-- DATA UNDER STUDY follows --

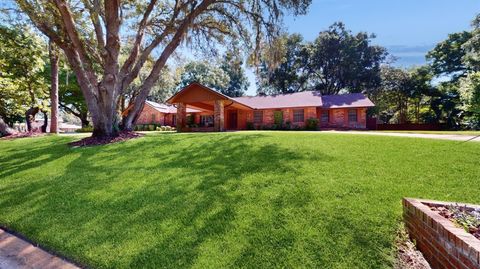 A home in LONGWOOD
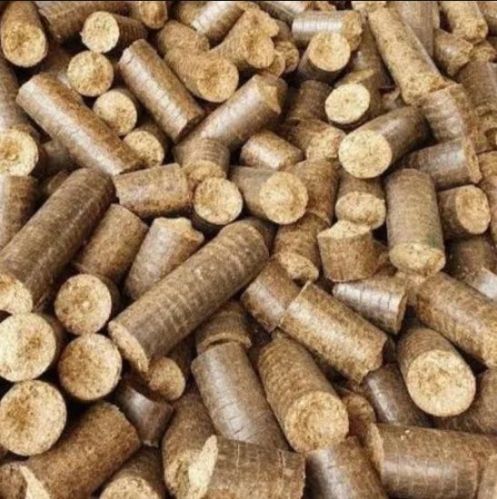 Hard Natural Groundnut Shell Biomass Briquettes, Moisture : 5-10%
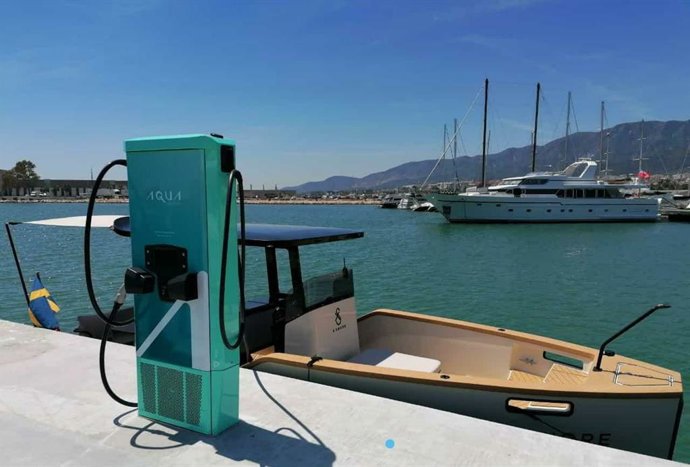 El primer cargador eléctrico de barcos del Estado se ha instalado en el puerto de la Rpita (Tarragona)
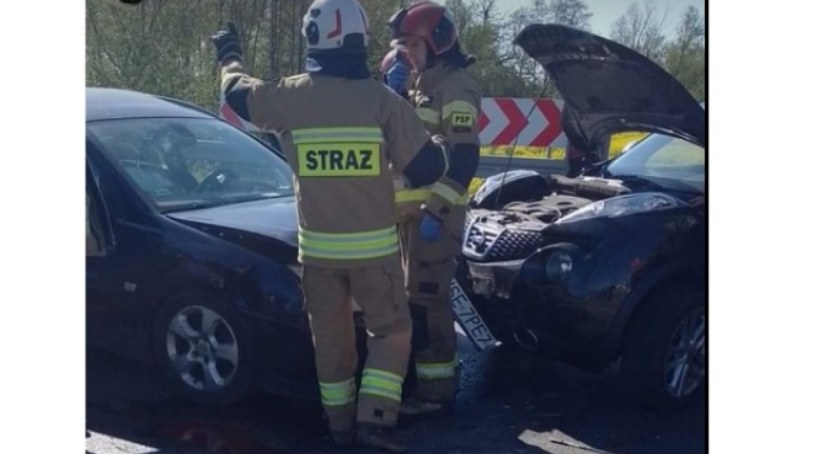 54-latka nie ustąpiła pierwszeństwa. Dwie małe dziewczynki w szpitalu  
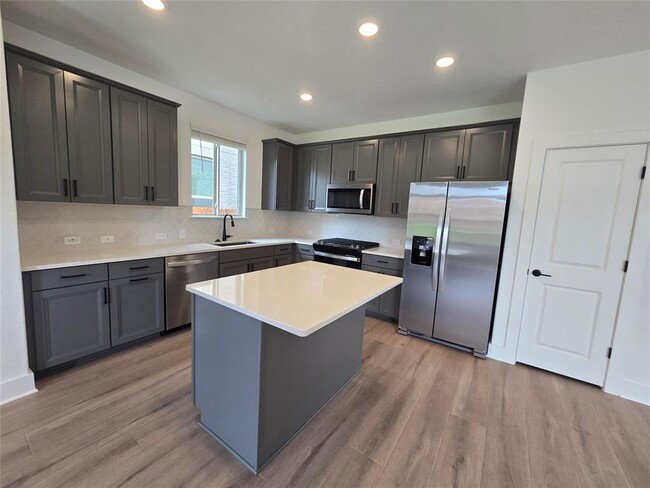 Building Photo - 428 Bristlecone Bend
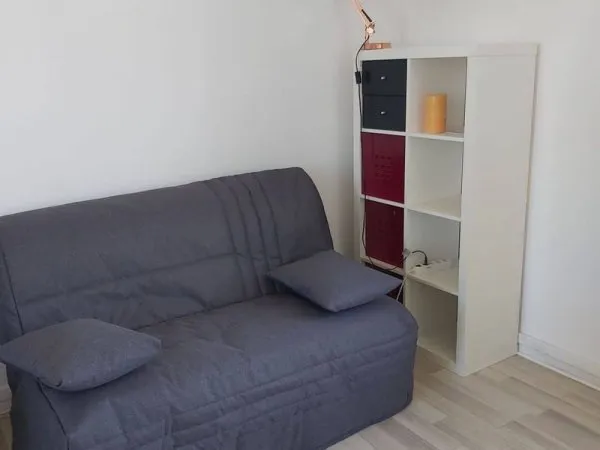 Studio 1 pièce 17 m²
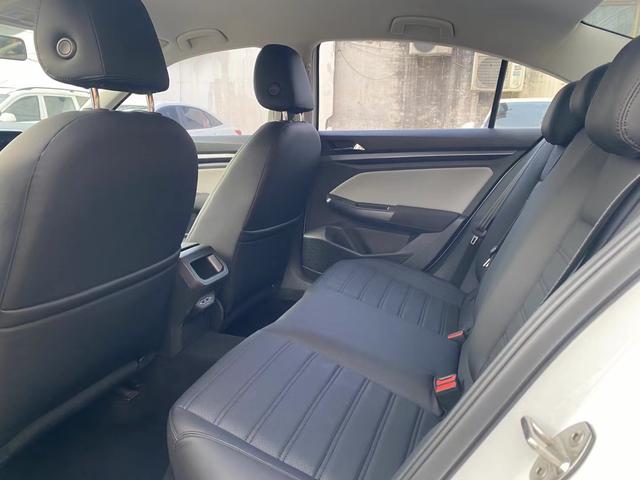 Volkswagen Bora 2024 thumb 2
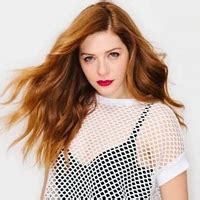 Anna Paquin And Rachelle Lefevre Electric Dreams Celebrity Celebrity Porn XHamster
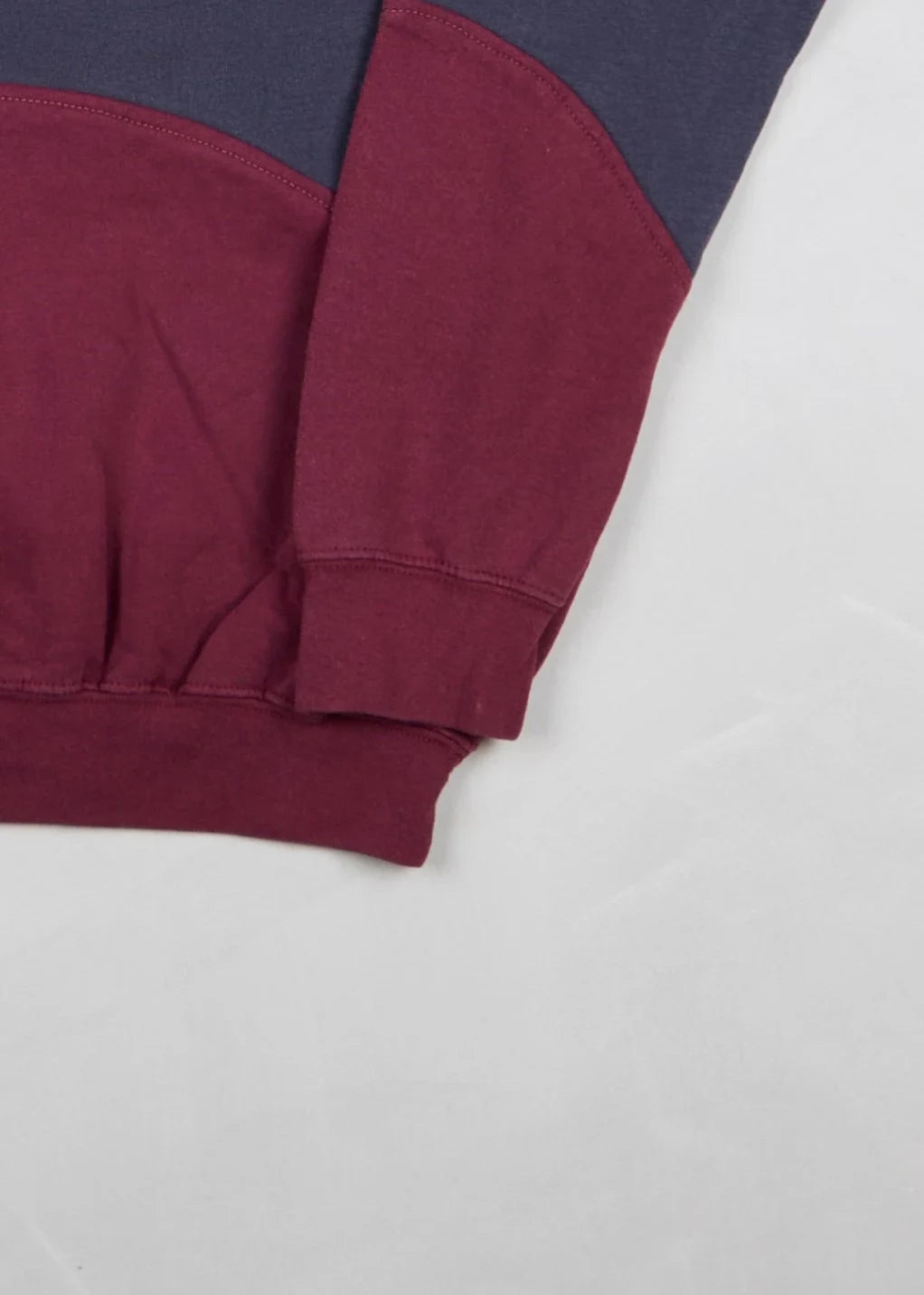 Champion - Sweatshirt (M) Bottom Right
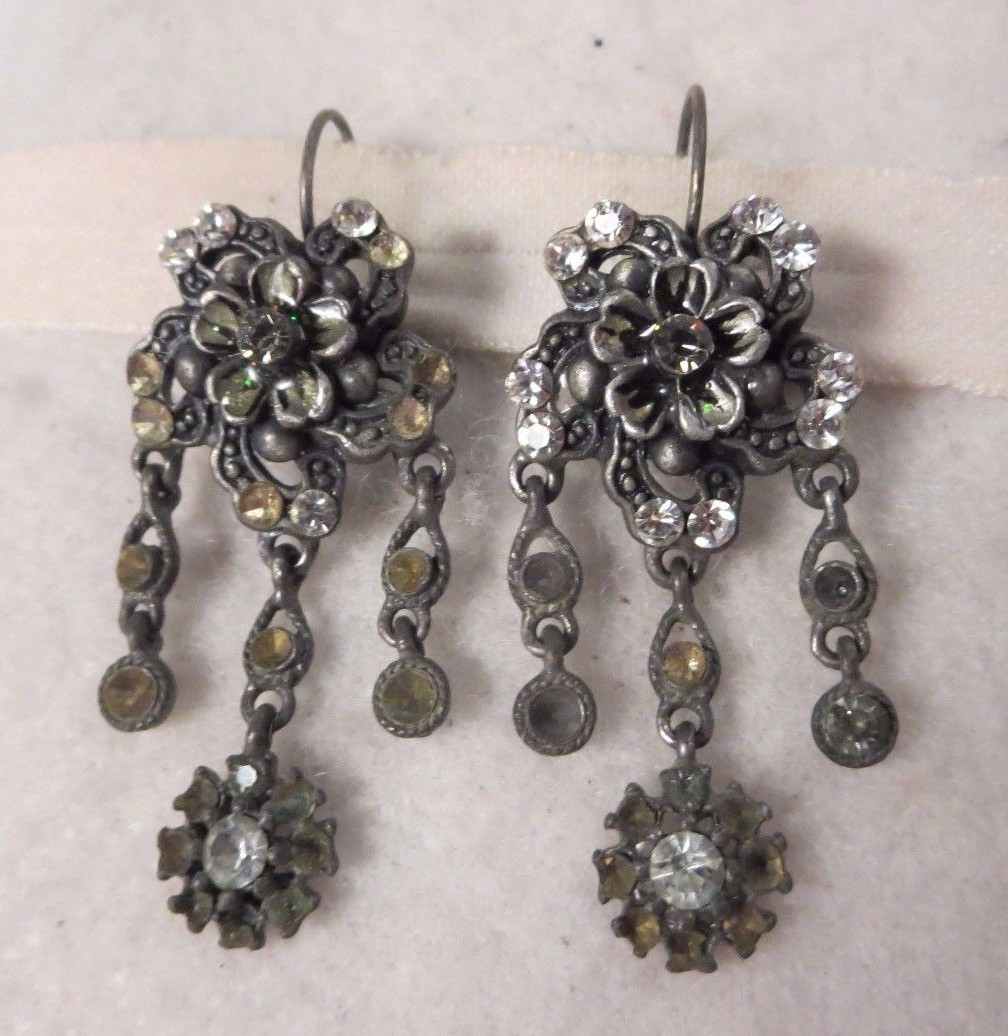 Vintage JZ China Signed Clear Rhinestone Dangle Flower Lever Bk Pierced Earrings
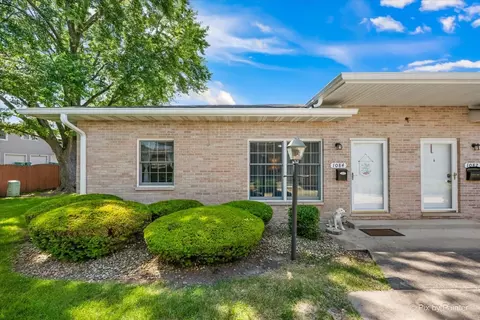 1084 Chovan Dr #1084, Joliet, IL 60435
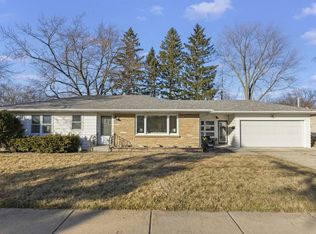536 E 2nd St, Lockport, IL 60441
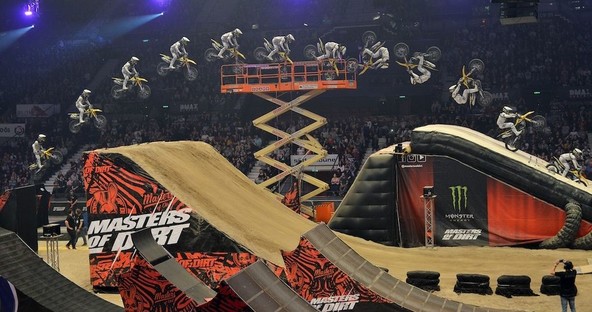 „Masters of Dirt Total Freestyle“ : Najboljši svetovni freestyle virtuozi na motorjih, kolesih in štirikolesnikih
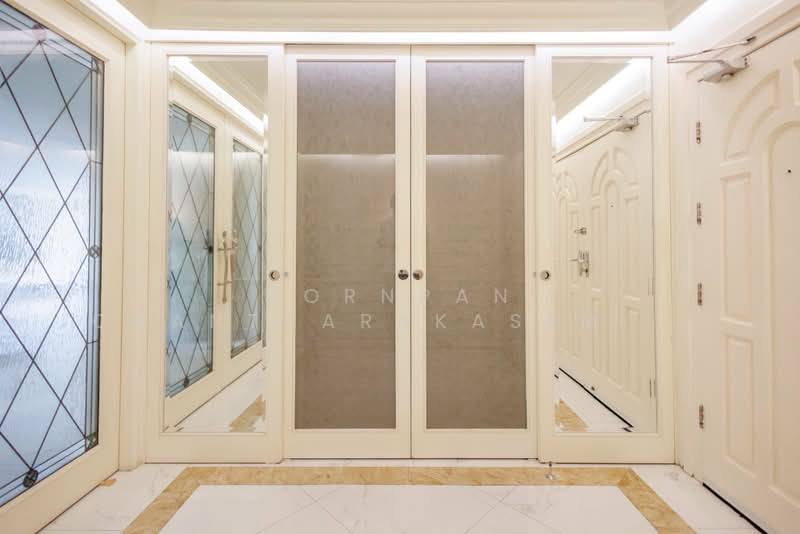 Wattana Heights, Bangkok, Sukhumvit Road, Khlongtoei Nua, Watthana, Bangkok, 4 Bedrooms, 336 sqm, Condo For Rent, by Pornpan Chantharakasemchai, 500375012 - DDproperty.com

-- DATA UNDER STUDY concluded --

TASK PROMPT:
Reproduce exactly the lines above from the one with "Studio 1 pièce 17 m²" through the last line of the data, keeping both ends and dropping the pictures.

RESPONSE TO THE TASK:
 Studio 1 pièce 17 m²
 Volkswagen Bora 2024 thumb 2
 Anna Paquin And Rachelle Lefevre Electric Dreams Celebrity Celebrity Porn XHamster
 Champion - Sweatshirt (M) Bottom Right
 Vintage JZ China Signed Clear Rhinestone Dangle Flower Lever Bk Pierced Earrings
 1084 Chovan Dr #1084, Joliet, IL 60435
536 E 2nd St, Lockport, IL 60441
 „Masters of Dirt Total Freestyle“ : Najboljši svetovni freestyle virtuozi na motorjih, kolesih in štirikolesnikih
 Wattana Heights, Bangkok, Sukhumvit Road, Khlongtoei Nua, Watthana, Bangkok, 4 Bedrooms, 336 sqm, Condo For Rent, by Pornpan Chantharakasemchai, 500375012 - DDproperty.com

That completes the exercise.